Вскоре после возвращения К. из Венгрии образовался моск. кружок еретиков. По разл. источникам, в него, помимо К., входили его брат Иван, дворовой сын боярский Дмитрий Коноплёв, моск. дьяки Истома и Сверчок, моск. купцы И. Зубов, С. Клёнов, известный писец Иван Чёрный и др. Их собрания посещали также перебравшиеся в Москву новгородские еретики, в т. ч. протопоп Успенского собора Московского Кремля Алексей и свящ. Архангельского собора Московского Кремля Денис.

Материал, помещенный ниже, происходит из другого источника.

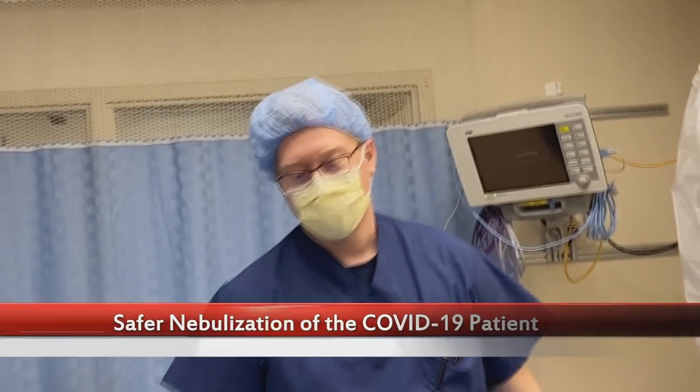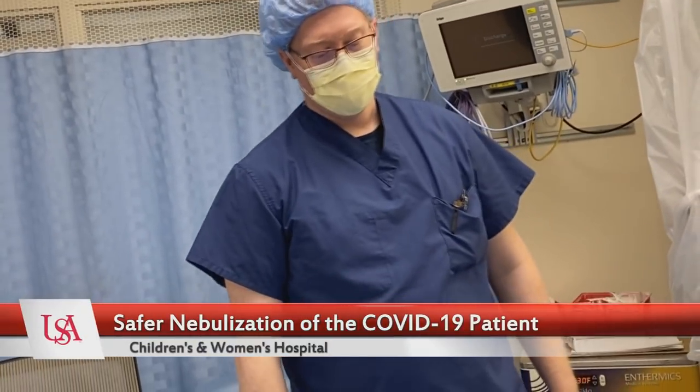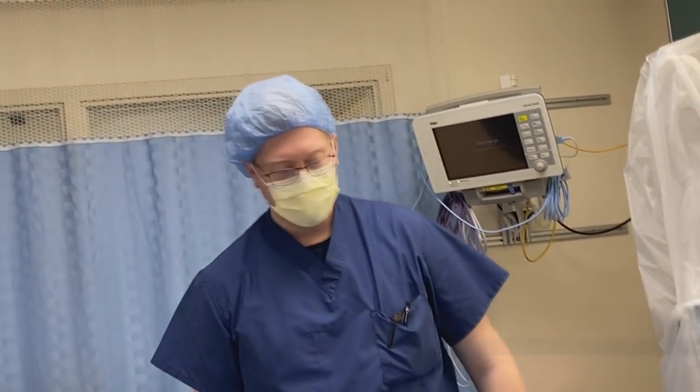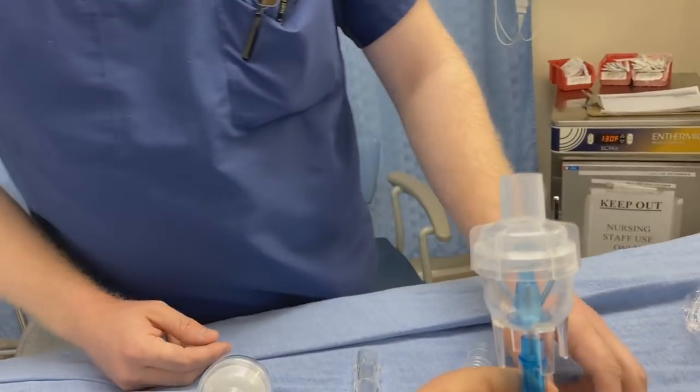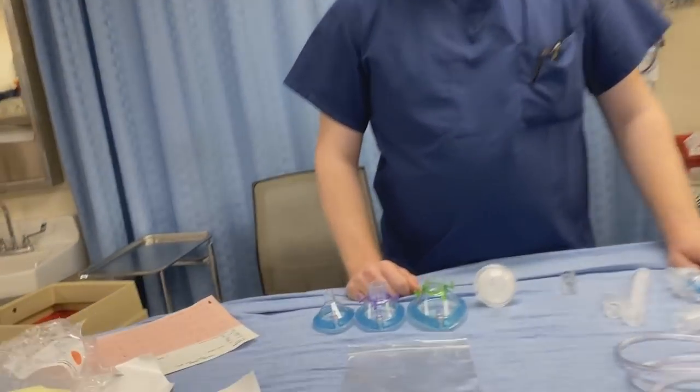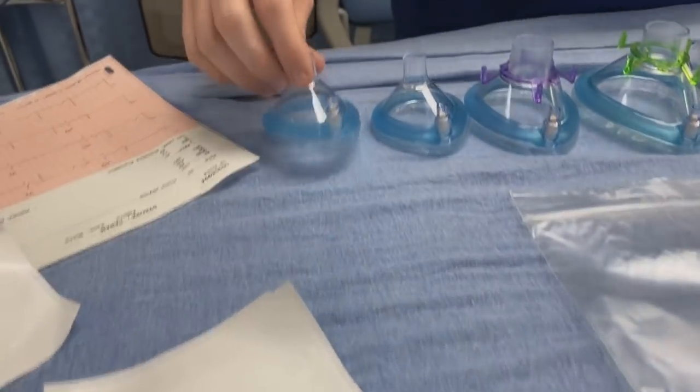Hey Blake, so you were the star of our last video, which was talking about using a mask with an extension tube attached to your standard nebulizing stuff.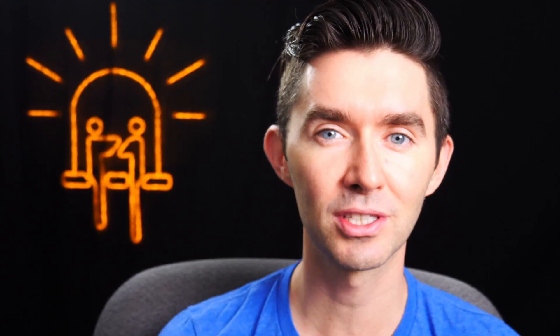This is the third podcast in the first release of the Contextual Electronics podcast. After three episodes, we wanted to give you a full view and hope listeners are willing to leave iTunes reviews or tell their friends, as that really helps spread the word. Enjoy this episode with Eric Larson, firmware engineer extraordinaire and a friend of mine from work.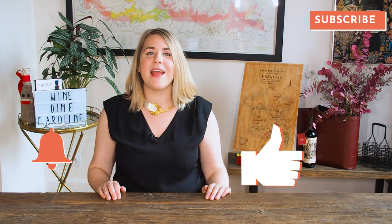Well, that's some more real talk from me, Wine Dine Caroline. If you like my style, make sure to join my group Good Wine, Good People — the link is in the description. Cheers!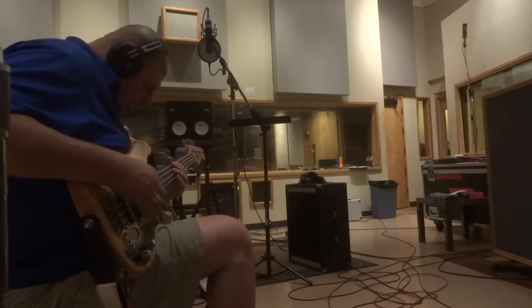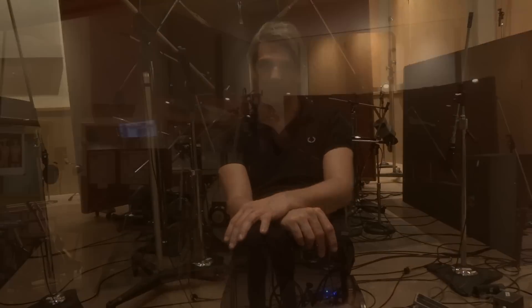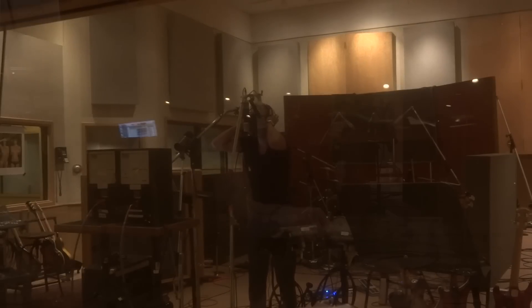A lot of times it's just one take from beginning to end, even sometimes with little mistakes in there, which makes it all more alive. You feel that the band is playing, which is very important for the overall feel. After that, we start adding some percussion. Sometimes we've been singing again, but sometimes it's even singing together with the band — it depends on how we feel and how the track sounds when we've played it.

Обвинения К. в ереси впервые появились в 1490 в посланиях новгородского архиеп. Геннадия моск. митр. Зосиме и собору «на еретики», при этом обличений собственно еретич. воззрений К. в них нет. В приговоре собора 1490 имя К. вообще не упомянуто, а наказания новгородских еретиков никак не сказались на его положении при дворе и в окружении Ивана III, наоборот, в 1490-е гг. оно укрепилось, а политич. значение К. заметно усилилось. Непримиримый противник К. – Иосиф Волоцкий писал о том, что вел. князь «во всем... послушаше» К. и после 1502 говорил ему о своей осведомлённости о ереси (отличной от новгородской), сторонником которой являлся Курицын.
Позднейшие обличения К. и членов его моск. кружка после собора 1504 были явно тенденциозными, и очень сомнительно, что они соответствовали действительности. Судя по отд. указаниям, следует говорить о критич. отношении К. и др. моск. еретиков к святоотеческим текстам (в т. ч. и в канонич. вопросах), об отрицании ими монашества и монастырей как института церковной жизни, а соответственно и церковного землевладения, преим. монастырского.
Судя по ряду косвенных указаний, К. умер естеств. смертью не позднее лета 1500, не будучи в опале.